On 29 August this year, Steinhoff also announced the acquisition of Tekkie Town, a successful South African-based retailer of quality branded school, lifestyle, leisure and sports footwear and accessories. It operates out of 302 stores in South Africa and will complement Steinhoff’s general merchandise footprint in Southern Africa.
Because of its sustained and stellar share appreciation, Steinhoff has been one of Sanlam Private Wealth’s core investments in our clients’ portfolios for over four years. Since 2012, the company has delivered returns of over 300% where all dividends and rights issues have been invested. Earlier this month, Steinhoff reported results for the 12 months to June 2016, with revenue increasing by 33%, operating profit by 32% and group margin maintained at 11.3%. New shares in issue increased by 4.5% (due to convertible bonds and capitalisation share awards), which has diluted the share price.
The European businesses improved during the period, while the Southern African operations came under pressure mainly due to a weaker rand. Earnings per share came in slightly below estimates. Management remains confident of improving margin through further increased efficiencies in its integrated supply chain, adding relative scale within its business through strategic product categories and increasing its operating leverage by growing store footprint and market share growth.
The share offers a great rand hedge opportunity for South African investors. Currently, 68% of Steinhoff’s revenue is generated outside South Africa, and with the new acquisitions, this figure is set to increase to 74%.
On 13 September this year, Mattress Firm shareholders approved Steinhoff’s offer for US$64.00 per share in cash. We believe bringing Mattress Firm into the Steinhoff group will provide the US company with better negotiating power as well as the potential for considerable cost synergies. For the rest of the Steinhoff group, Mattress Firm will provide Steinhoff with a 25% market share in the US mattress industry and access to a nationwide platform in the US market. This could allow Steinhoff to introduce other formats to the US in the longer term.
Acquiring Mattress Firm will result in Steinhoff deriving about 20% sales and 11% of its profits from the US market. An area of concern is that Steinhoff’s management team has limited knowledge of this new market. However, the group intends to retain Mattress Firm’s existing management, which will certainly help.

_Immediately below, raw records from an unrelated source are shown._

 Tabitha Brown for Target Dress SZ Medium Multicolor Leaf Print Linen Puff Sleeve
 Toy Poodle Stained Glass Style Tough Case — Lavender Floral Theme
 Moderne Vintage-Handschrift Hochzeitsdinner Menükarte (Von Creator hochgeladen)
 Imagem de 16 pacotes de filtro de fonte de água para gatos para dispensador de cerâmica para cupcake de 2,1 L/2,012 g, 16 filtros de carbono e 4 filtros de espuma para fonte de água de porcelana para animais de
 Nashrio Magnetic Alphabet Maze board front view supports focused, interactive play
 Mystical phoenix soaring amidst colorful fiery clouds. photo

We expect that the deal will increase Steinhoff’s earnings per share, but it will be interesting to see how Steinhoff will finance it. The possibility for an equity capital does exist, but management has not given any indication. The company has indicated it would like to maintain its credit rating, which could come under threat with more debt on the balance sheet. For this reason, we think Steinhoff is likely to refinance much of its bridge loan funding component with an equity issuance.

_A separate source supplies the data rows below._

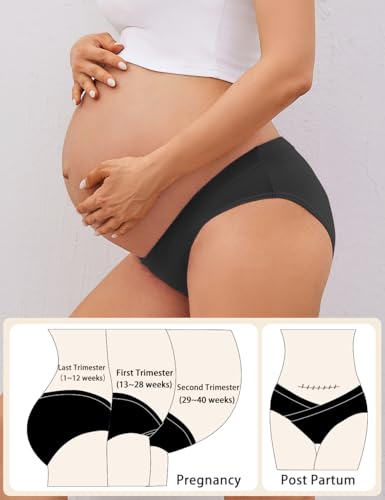 Molasus Cotton Crossover Maternity Underwear Under Bump Pregnancy Bikinis Panties - color: Black, size: Small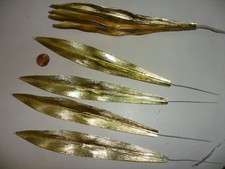 12 Vintage Metallic Gold Foil Long Leaves - 8"
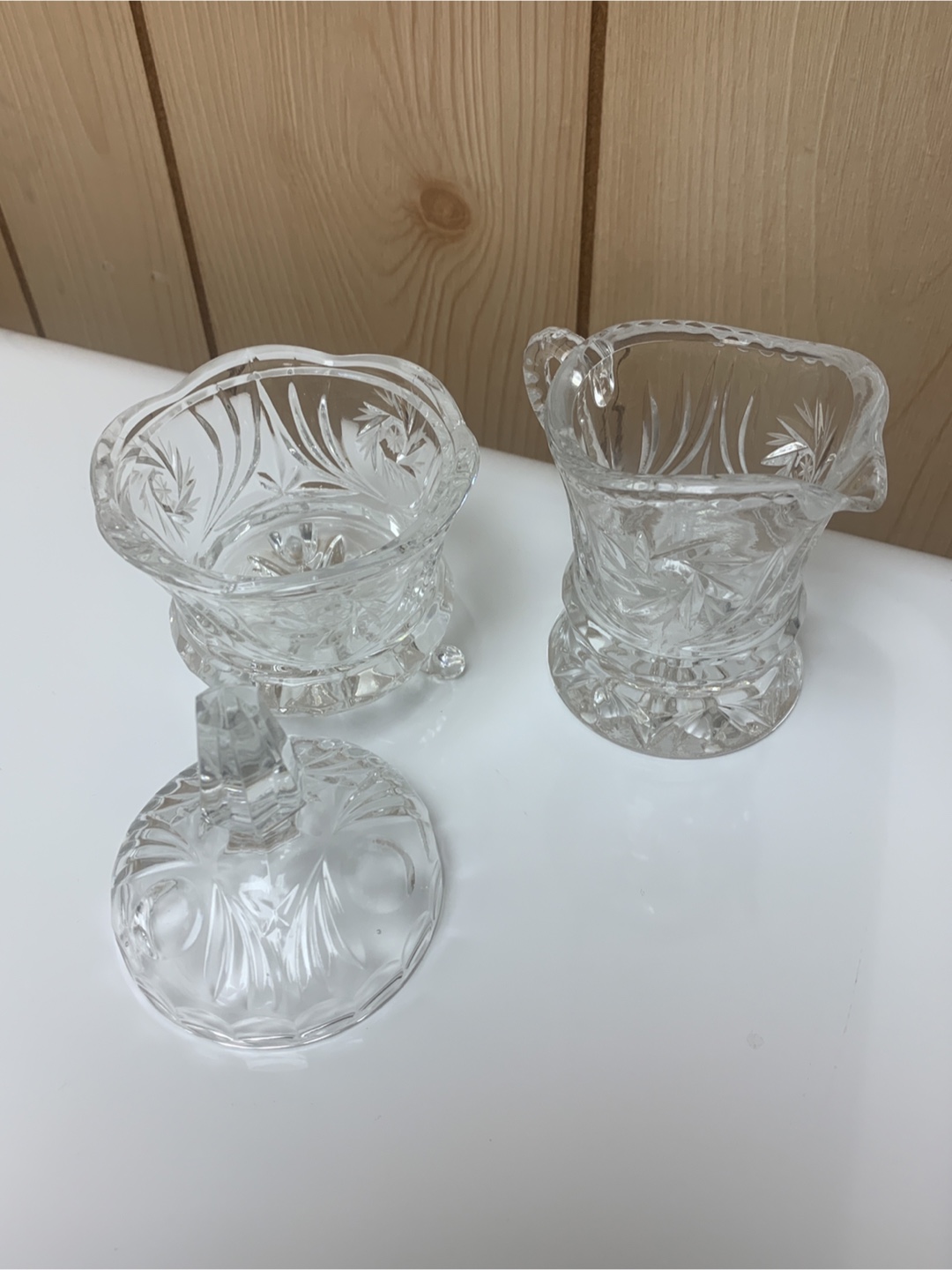 Crystal Sugar Bowl and Creamer - photo 2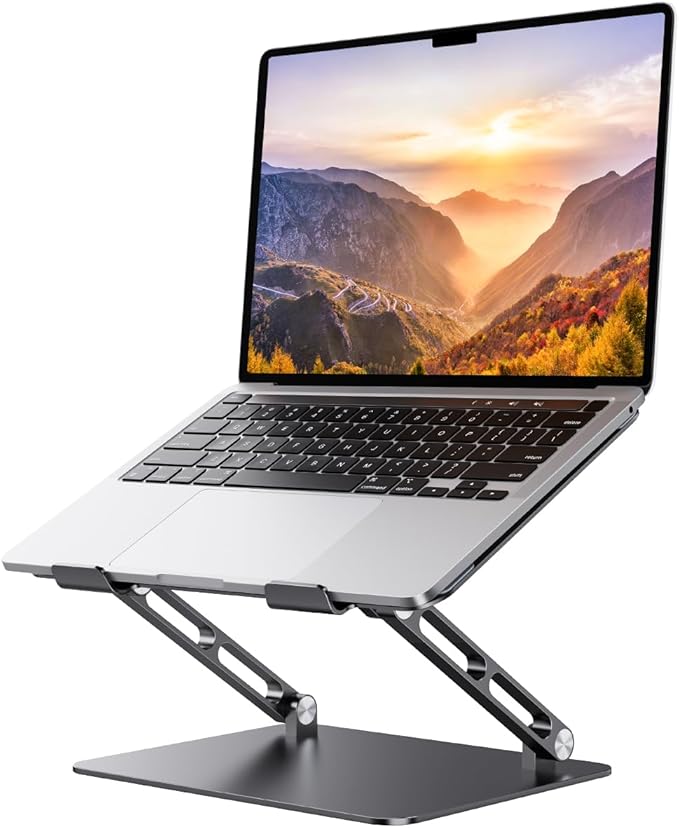 Orlian Foldable Aluminum Laptop Stand for 10 - 17.3" Laptops, Height Adjustable Portable Ergonomic Computer Holder, Space Saving Desk with Heat Dissipation. Compatible with MacBook/Dell/HP etc, Black | Stands - TrueDesk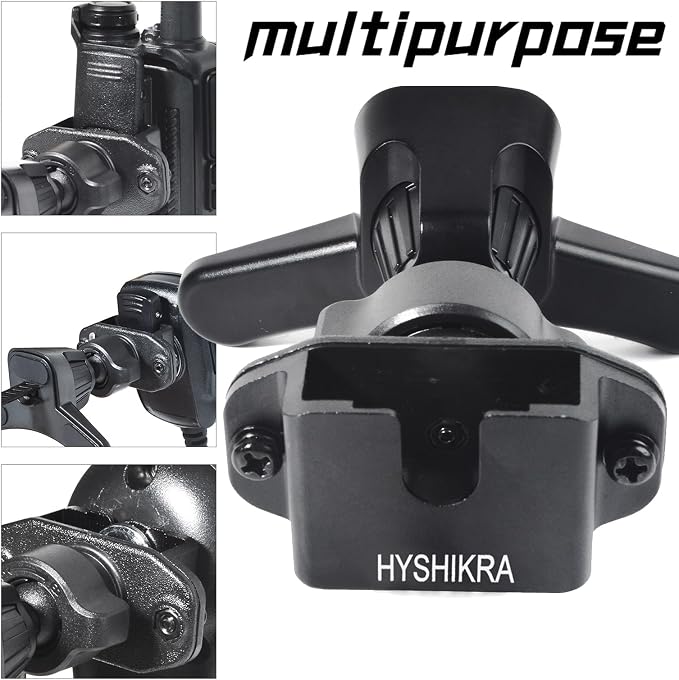 Car Radio Holder Mount, Super Stable Air Vent Mic Car Mount with Ball Joint Metal Hook Clip and Non-Slip Design for BaoFeng pxton Yaesu Motorola Midland Cobra CB Walkie-Talkie Microphone - Image 5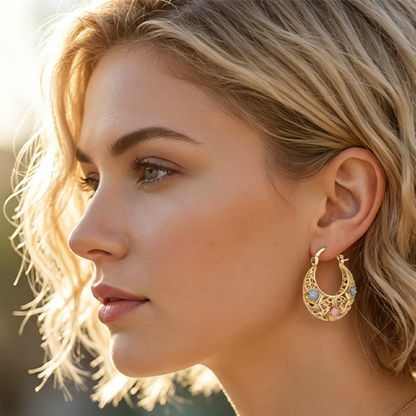 🌙 50% DE RÉDUCTION ✨ Boucles d'oreilles créoles croissant plaqué or – Détails en filigrane, fleurs en émail rose & bleu – Crochet sécurisé, style bohème chic – parfaites pour le quotidien ou les occasions spéciales 💖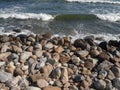 Tranquility beach rock during sunny day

For us at SPW, Steinhoff still provides value to our investors. The group focuses on retailing in the lower to mid-level income market. Within this space, competition is fierce and the margins low, and for this reason, market share is crucial. Steinhoff is consistently acquiring market share and we see the group continuing with this trend.
In terms of its business model, the group controls the complete supply chain – from raw product to shelf space – and it is within this chain that Steinhoff adds to the bottom line. Synergies and bargaining power are the two key drivers for potential margin improvement from the newly acquired companies, as well as the roll-out of Steinhoff’s complementary businesses, such as Eastern European discount retailer Pepco, with its higher margin, into these new markets.